In a Chapter 7 bankruptcy case, a court-appointed trustee seizes your assets and sells them to pay your debts. Federal and state laws exempt some assets, making that property safe from creditors no matter how much you owe. In Illinois, as in other states, federal law applies to the exemption of individual retirement accounts.
Illinois does not have a state-law provision for pensions or retirement savings accounts in bankruptcy. The law defaults to the federal guidelines, which exempts individual retirement accounts, or IRAs, of up to $1.095 million. This covers bankruptcy cases as well as garnishment orders that result from legal actions such as lawsuits.
In Illinois, there is no dollar limit on other types of tax-exempt, employer-sponsored pension plans, including a simplified employee pension or SEP, a 401(k), a profit-sharing plan or a SIMPLE plan. If you are in bankruptcy, you can exempt these accounts from trustees and debt collectors.
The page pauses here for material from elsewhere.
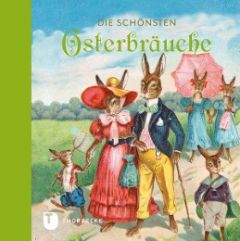 Die schönsten Osterbräuche  9783799510103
If you are married and each spouse holds an IRA, federal law exempts both retirement accounts. The exemption extends to traditional IRAs, in which contributions are deductible up to a limited amount, and to Roth IRAs, where withdrawals rather than contributions are tax-free. In theory, you could also apply the Illinois $4,000 "wildcard" exemption to IRA assets, but since very few IRAs hold more than $1.095 million, this would rarely be useful.
The federal law governing IRA exemptions is found in U.S. Code 11 522(a)(C)(3). It covers "retirement funds to the extent that those funds are in a fund or account that is exempt from taxation under ... the Internal Revenue Code." This includes funds that are rolled over from one tax-exempt IRA to another, or rolled over from an employer-sponsored plan to an IRA.